Importantly, these also associate protest and festivity. The openly displayed festive character of both medieval youth abbeys and student associations is very close to their political, protest activities. Just to clarify, here, by “festivity”, I mean a festive spirit characterized by collective joy, during chosen moments which are more or less taken out of normal time. By “protest”, I mean all forms of discourses and actions expressing opposition to a situation, be it political, social, economic or other.

Protest is often itself festive, in a way. By essence, protest is optimistic: those who denounce a situation are convinced of their right, and that they can indeed change this situation. In the Middle Ages, peasant revolts targeted royal agents, as it was thought that all that mattered was to warn the King of the “abuses” of his agents — even though the policy was in fact the King’s, and the agents had his full backing. This is more complex in a democratic society, yet members of social movements nonetheless think that they must draw the attention of the population — seen as sovereign — for change to happen. During the student strike in 2012, I remember that there was much interest at how opinion polls would react to the events, since it was thought that protest actions would draw people’s attention to the issues and convince them of the rightness of the cause. This is obviously not what happened, not in the Middle Ages, not in 2012, but this state of mind creates optimism, which participants can express through the register of festivity.
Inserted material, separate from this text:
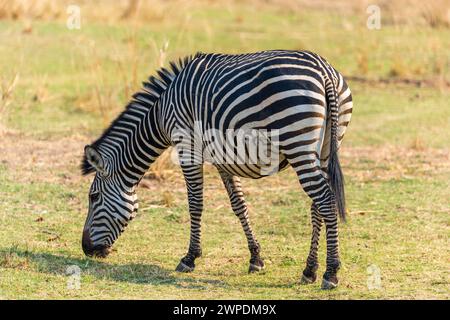 Une femelle lourdement enceinte des zèbres de Crawshay (Equus quagga crawshayi) paissant dans le parc national de South Luangwa en Zambie, Afrique australe Banque D'Images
A consequence of the interaction between festivity and protest is that several objects, symbols or rituals can be used equally for festive or protest purposes (Bercé, 1976; Humphrey, 2001). Noise, fire and light belong to both festivity or protest (or maybe to festivity, and thus to protest): think of bonfires and fireworks, slogans and songs, drums, etc. The Quebec “concerts de casseroles” are an interesting example. Although their relation with similar demonstrations in Chile and South America was often noticed at the time, the protest “concerts” also had much in common with the much older ritual of charivari, which was effected by young men.
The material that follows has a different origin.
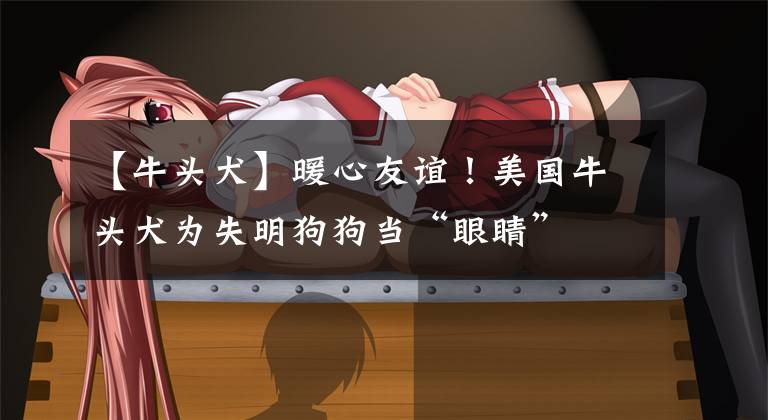 【牛头犬】暖心友谊！美国牛头犬为失明狗狗当“眼睛”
In the typical charivari, often organized by the youth abbey where there was one, young men in disguise gathered at night and made all the noise they could in front of their target’s house — with screams, songs, drums, pans, horns or other instruments (Gauvard & Gokalp, 1974; Le Goff & Schmitt (ed.), 1982). The ritual was normally used to punish infractions to collective morals, especially remarriage of widowers to young women. Although their objective could be to incite fear, the participants were not normally violent. The ritual ended after several days or when the victim paid a “fine”, often free food and alcohol. However, this standard ritual could also be used for political purposes. In political charivaris, government officials became the targets of this ritual and inoffensive form of protest. In fact, it seems that in the 19th century, when youth abbeys were gone, charivari lost its traditional role in certain areas, whereas the political form became more frequent. Even in Quebec (Lower Canada at the time), political charivari was used as a tactic during the 1837 Patriot Revolt (Greer, 1990)! Charivari’s effectiveness for protest was enhanced by the fact that participants were often disguised, and could as a result hide their identity against repression.

Mask and bans

In fact, disguise and masks are also used both for festivity and protest, as exemplified by mask bans. The principle of disguise and the mask as an object are common to both protest and festivity. A mask allows its wearer to avoid ordinary constraints or inhibitions of social life, which is an important aspect of festivity. This is what enables carnivalesque inversion, for example, or legitimizes masked balls or costume parties. The same idea exists even at Halloween, but with it also involves ritual menace in the ritual threat of “trick or treat?” Could that exist if children did not wear masks and disguises?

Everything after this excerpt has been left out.